"It's just stuff. It's just pop culture stuff," he said. "It's stuff that says 'I like a little of this and I like a little of that', you know? No big deal."
McFarlane is probably best known for his hit comic-book "Spawn," which was made into an animated television series for HBO and a movie for New Line Cinema. "Spawn" is the dark tale of a government assassin who, after being killed, is sent to Hell and makes a deal with the devil to command Hell's armies in exchange for a chance to see his wife again.
The comic book's title character has been re-created and re-imagined by the action figure wizards at McFarlane Toys scores of times.
McFarlane launched his toy business back in 1994 because none of the companies making action figures from the "Spawn" comics met his high standards.
The company built a reputation as the gold standard for adult-oriented action figures, and has now expanded its toy-making business beyond "Spawn," winning licenses from Major League Baseball, "The Matrix" films and other major properties.
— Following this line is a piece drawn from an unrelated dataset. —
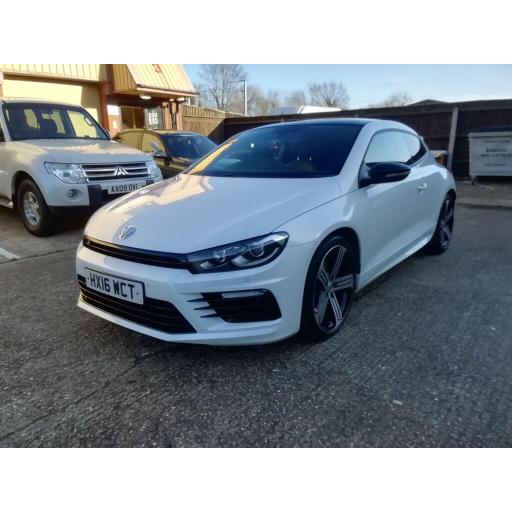 Volkswagen Scirocco 2.0 TSI BlueMotion Tech R DSG Euro 6 (s/s) 3dr - 73,800 MIles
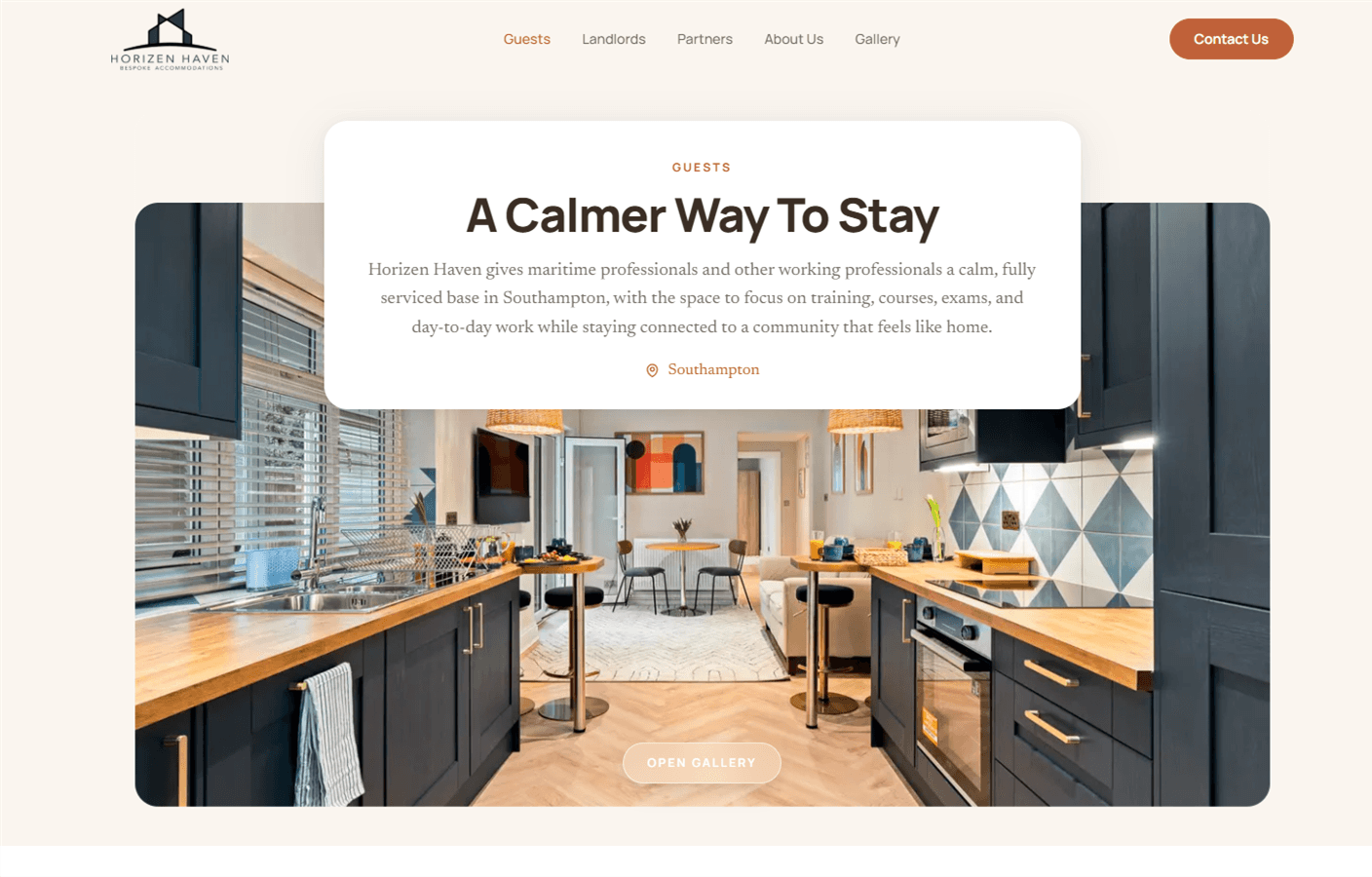horizenhaven.com guests page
"The same people that were buying these toys as kids never stopped," said Gareb Shamus, publisher of Wizard: The Comics Magazine and ToyFare: The Toy Magazine.
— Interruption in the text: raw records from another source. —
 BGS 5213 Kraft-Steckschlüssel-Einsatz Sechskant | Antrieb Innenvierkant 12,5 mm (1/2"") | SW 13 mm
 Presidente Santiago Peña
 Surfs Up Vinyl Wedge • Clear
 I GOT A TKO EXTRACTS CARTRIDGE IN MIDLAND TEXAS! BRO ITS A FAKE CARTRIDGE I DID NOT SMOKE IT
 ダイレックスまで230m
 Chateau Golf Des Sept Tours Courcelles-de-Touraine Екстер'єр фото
And mainstream manufacturers have taken note of the adult market. "Hasbro and Mattel are doing it with some collectible series of figures," Shamus said.
The entry of Hasbro and Mattel -- considered the two giants of the action figure industry -- is more evidence of just how stiff competition is for adult toy dollars.
Still, smaller companies like Palisades Toys and Mezco Toyz are jockeying for sales amongst the industry's adult clientele. Palisades produces action figures based on properties like "The Muppet Show," "Alien" and "Predator"; Mezco lists Al Pacino in "Scarface" among its products.
Palisades' president and chief executive officer, Mark Horn, says it's important to make an "emotional connection" with the consumer. "That's really what our business is about."
Horn remembers a statuette his company made of the title character from the 1987 movie "Predator." The designers chose a specific crouching pose for the extraterrestrial creature -- and hit the nail on the head in terms of making a connection with "Predator" fans.
"If you like 'Predator,' there's no way you can look at that and not think it's totally amazing," he said. "If you don't, then you probably weren't the intended audience anyway."
For buyers like Vilmenay, the emotional connection he has with the figures he collects isn't simply a nostalgic one, but an artistic one as well.
"To me they're a form of art," he said. "The attention to detail and the creativity. I would say they're not too far off from sculpture or what's considered 'proper' art."
Palisades Toys believes so strongly that its figures are art that it promotes the figures' creators on the product's packaging.
On the packaging of every figure Palisades produces is a list of credits, similar to those at the end of a movie, where the forces behind the figure are recognized.
"We list the art director, sculptors, artists, everybody," said Horn. "We're making commercial art. It's commercial art because it's being sold, but it is art nonetheless."
For Jessica Vilmenay, who often finds herself crawling around on her hands and knees picking up various appendages from aliens, monsters and medieval heroes, art might not be the right word.
"In some cases I can see them as art," she said. "But for me, most of the time, they're just a nuisance!"